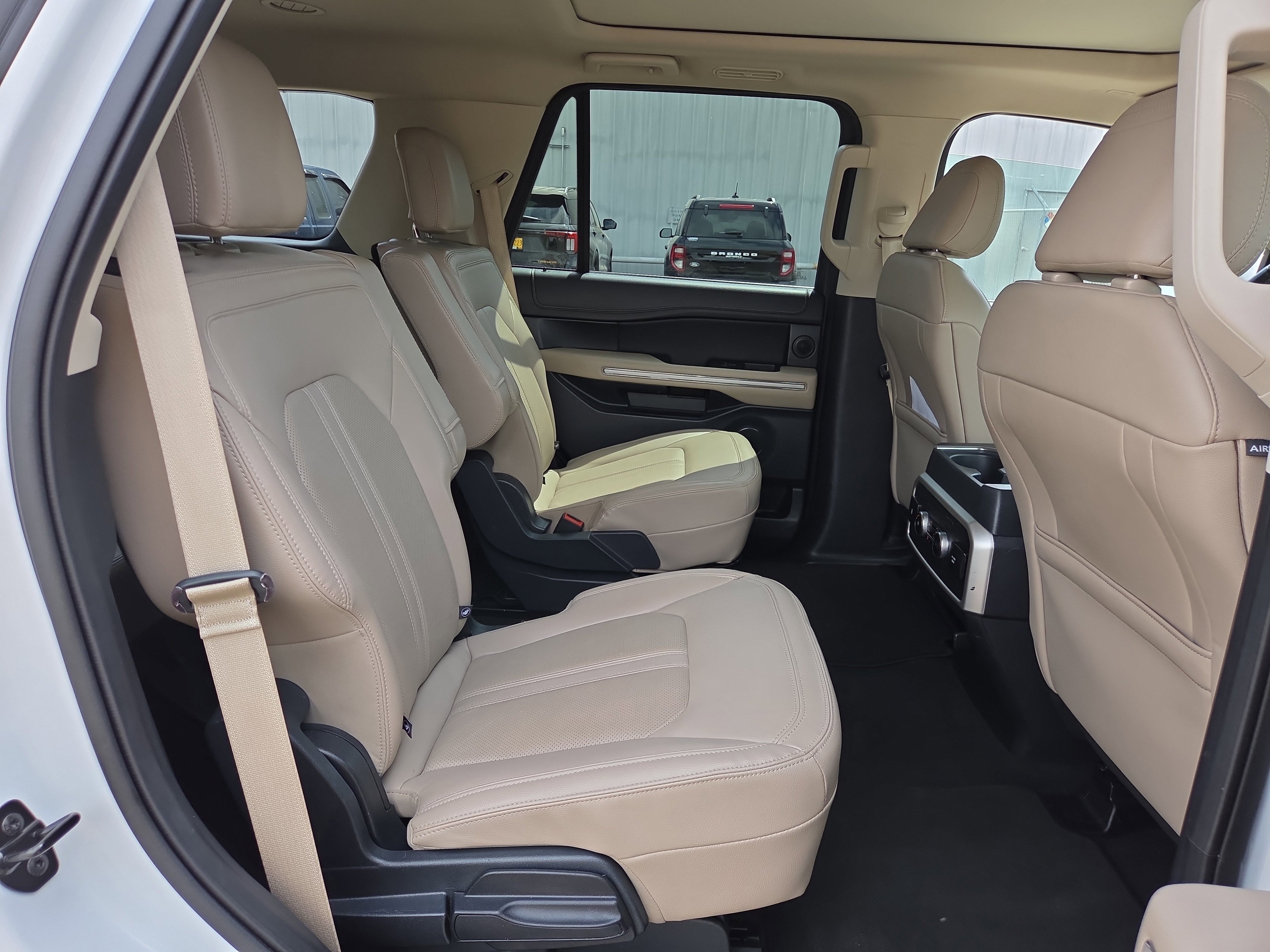 Certified 2024 Ford Expedition Limited RWD image 16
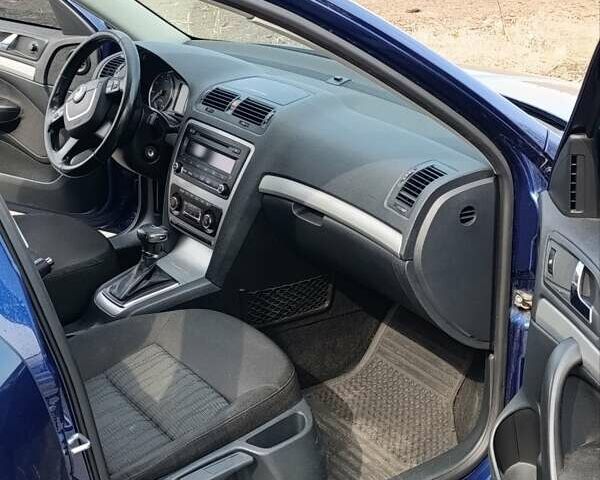 Синій Шкода Октавія, об'ємом двигуна 1.8 л та пробігом 300 тис. км за 7800 $, фото 9 на Automoto.ua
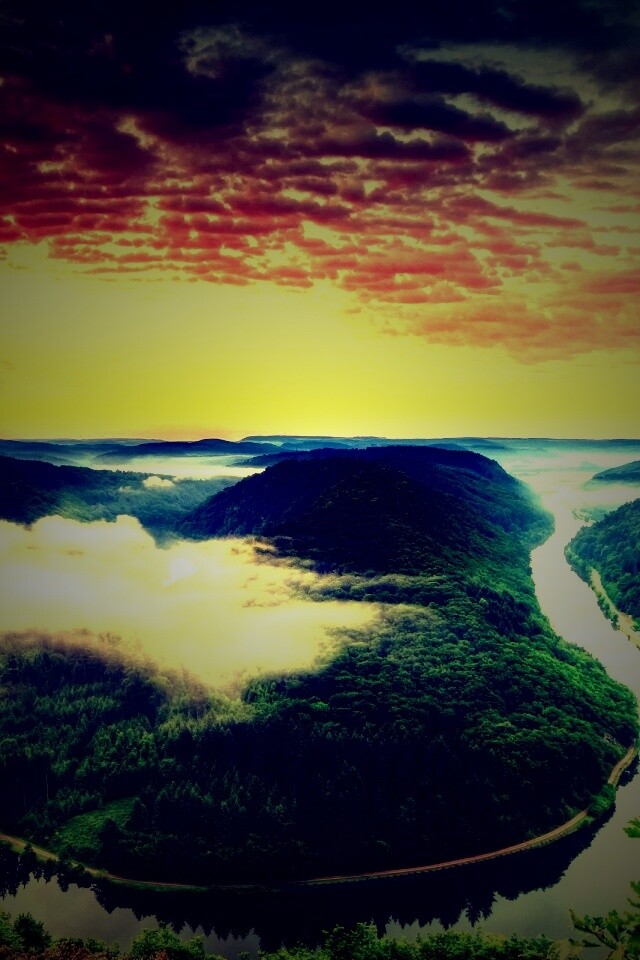 Кривая река обои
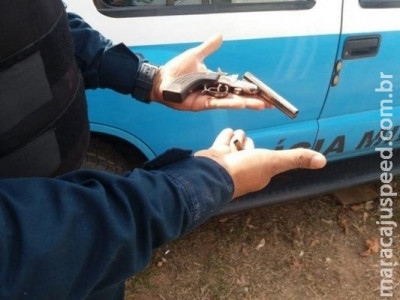 Adolescente cava buraco, foge de Unei, atira em PM e acaba morto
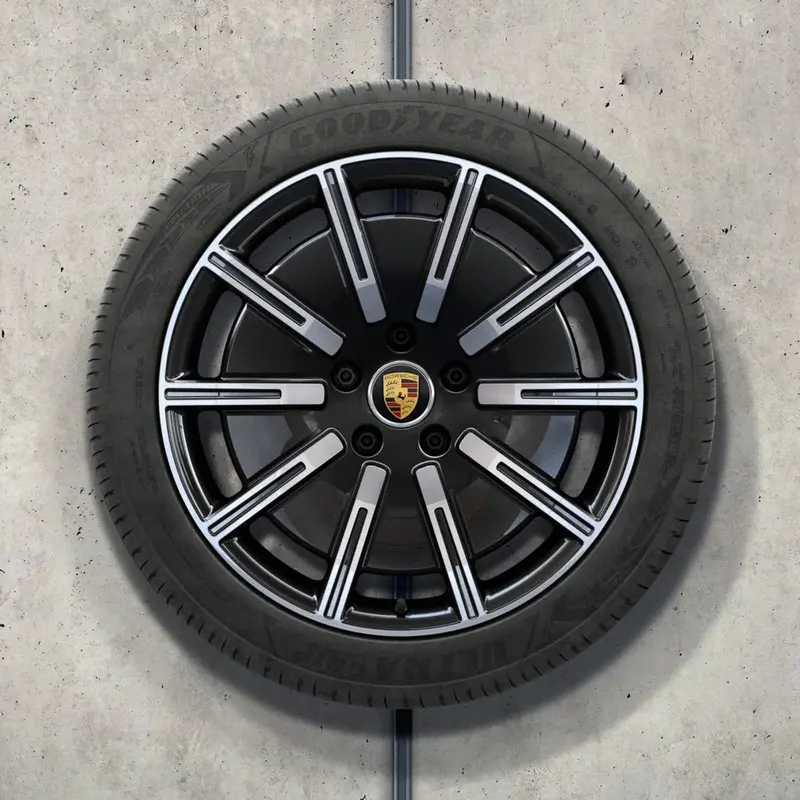 20" Taycan "Sport Aero" Winter Set - Silver / Black 1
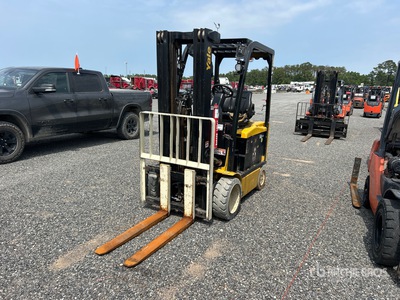 1996 Yale ERC060 5800 lb شاحنة رفع كهربائية (Inoperable)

====

__Work to complete__
Copy the listing exactly. Leave the pictures out.

__Output__
 Certified 2024 Ford Expedition Limited RWD image 16
 Синій Шкода Октавія, об'ємом двигуна 1.8 л та пробігом 300 тис. км за 7800 $, фото 9 на Automoto.ua
 Кривая река обои
 Adolescente cava buraco, foge de Unei, atira em PM e acaba morto
 20" Taycan "Sport Aero" Winter Set - Silver / Black 1
 1996 Yale ERC060 5800 lb شاحنة رفع كهربائية (Inoperable)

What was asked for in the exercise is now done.